O número registrado de operações da BRZ (Brazilian Digital Token), principal stablecoin pareada ao real, praticamente triplicou entre 2021 e 2022. Entre janeiro e abril de 2021 foram 64.672 transações, enquanto no mesmo período de 2022 foram 194.897. Há indícios também que mais usuários do varejo fizeram transações. A cripto é emitida pela Transfero, um ecossistema de soluções financeiras baseadas em moedas digitais e quem foco em B2B.

O número de transações neste ano supera o de USD Coin (USDC), uma das referências em criptomoedas que tentam ser pareadas ao dólar e que chegou a 88.456. Theter (USDT), maior stablecoin, registrou 285.673 operações no período.

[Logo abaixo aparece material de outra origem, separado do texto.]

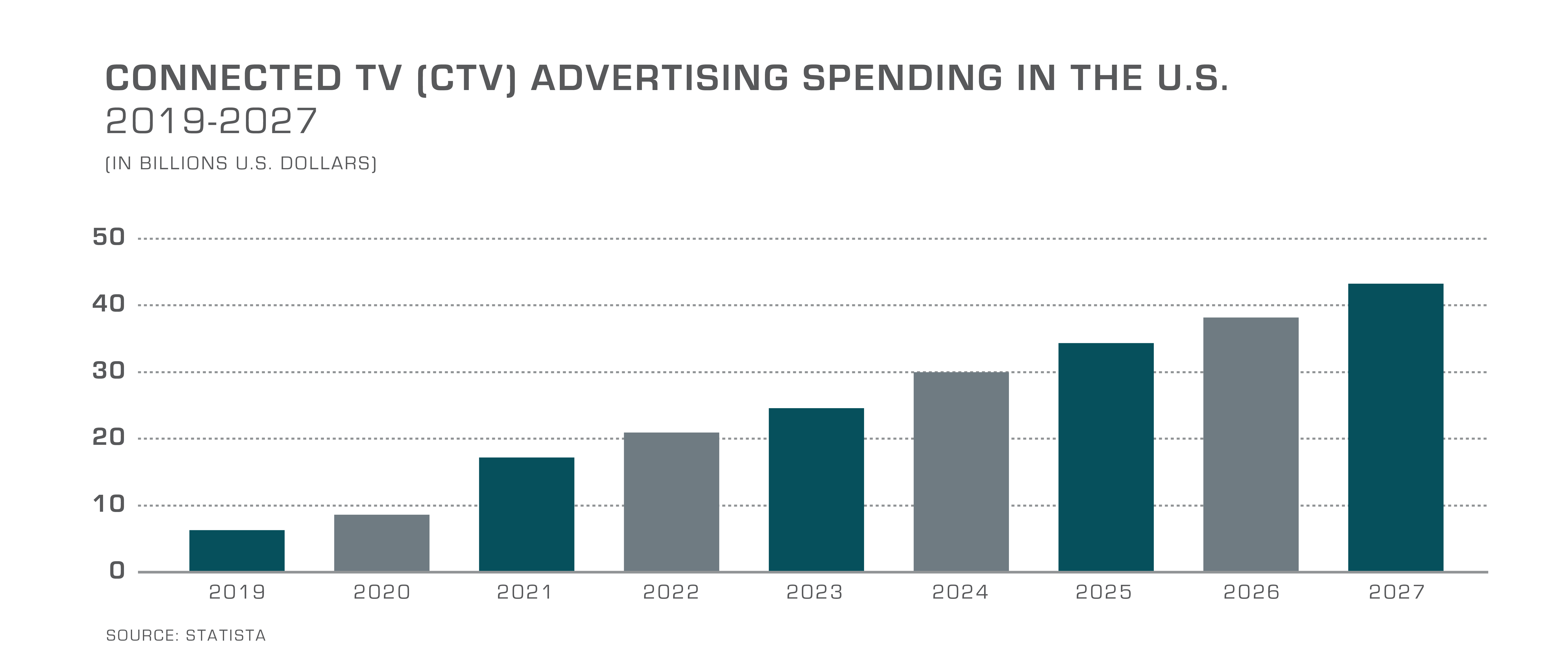 ctv ad spend chart 2025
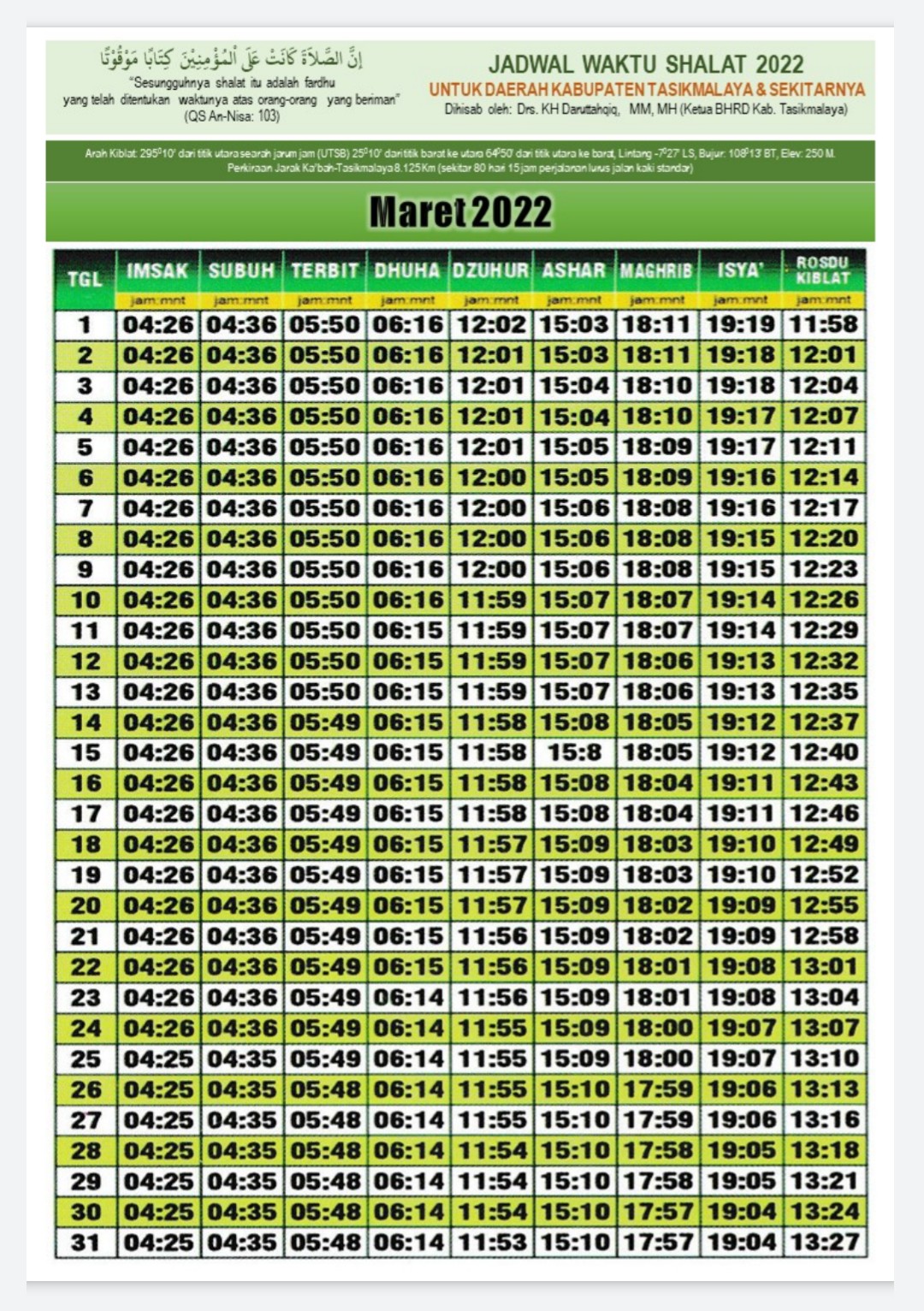 Kalender waktu Sholat Thn 2022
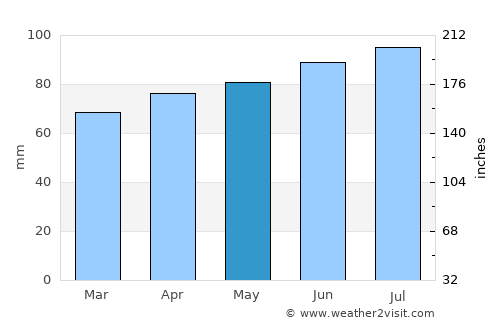 Saint-Jean-sur-Richelieu average rain in May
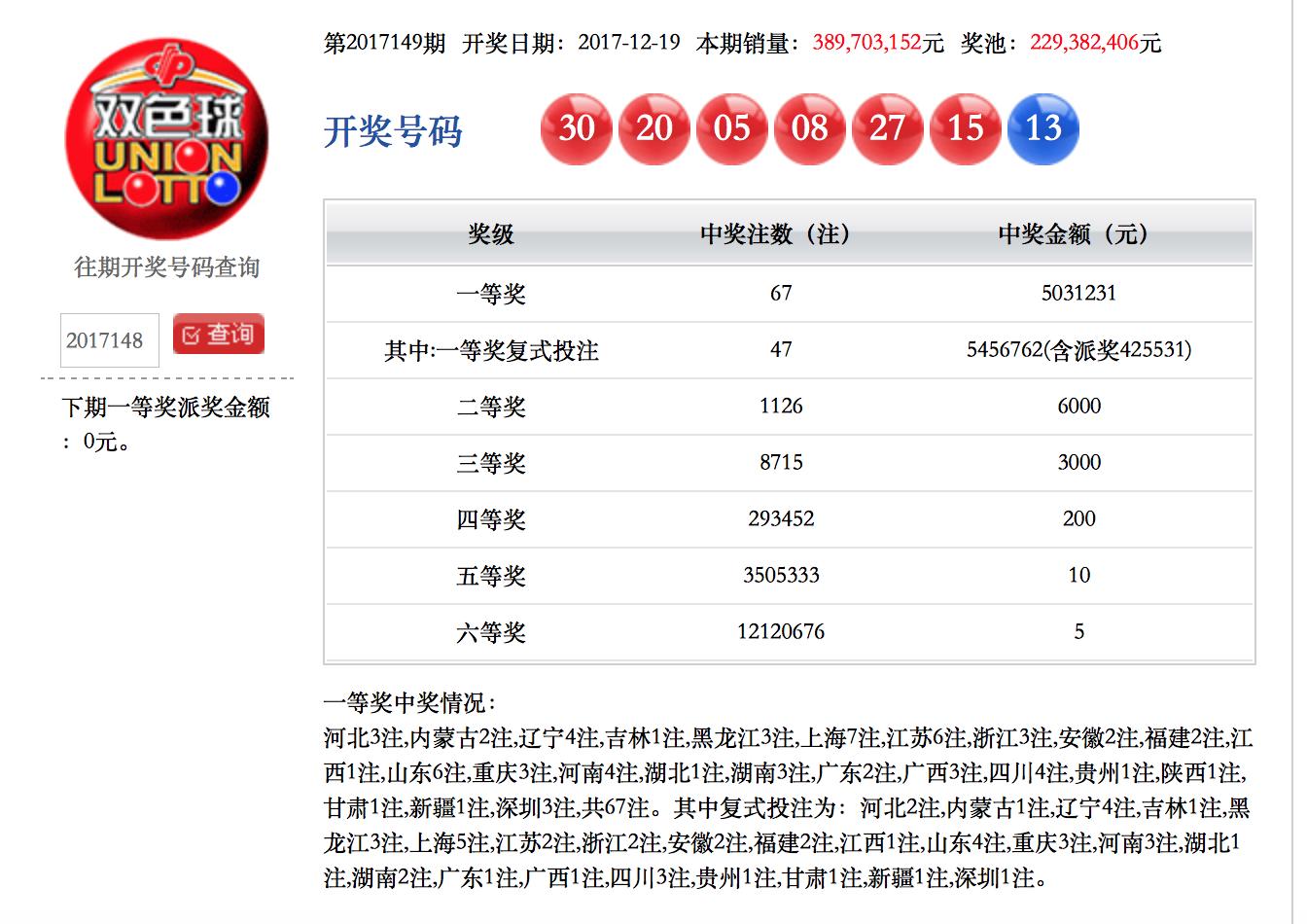 探索双色球走势图表，解锁中彩的秘密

Em valores, as operações com BRZ de janeiro a abril de 2022 chegaram a R$ 2,4 bilhões, enquanto em igual período de 2021 foram R$ 1,33 bilhão. No total, há R$995,600,918 de BRZ em circulação.

“O BRZ está seguindo a trajetória para a qual foi desenhado, ou seja, para ampliar as alternativas de negociação dos investidores brasileiros e conectar o mercado local com as exchanges globais”, disse Safiri Felix, diretor de Produtos e Parcerias da Transfero.

Uma das informações da Receita Federal é de que o valor médio por transação de BRZ caiu. Em dezembro de 2019, o valor era de R$ 528,65 mil. Já em abril de 2022, era de R$ 13.060,44. Para Felix, está aí um indicador de maior entrada de investidores de varejo no mercado.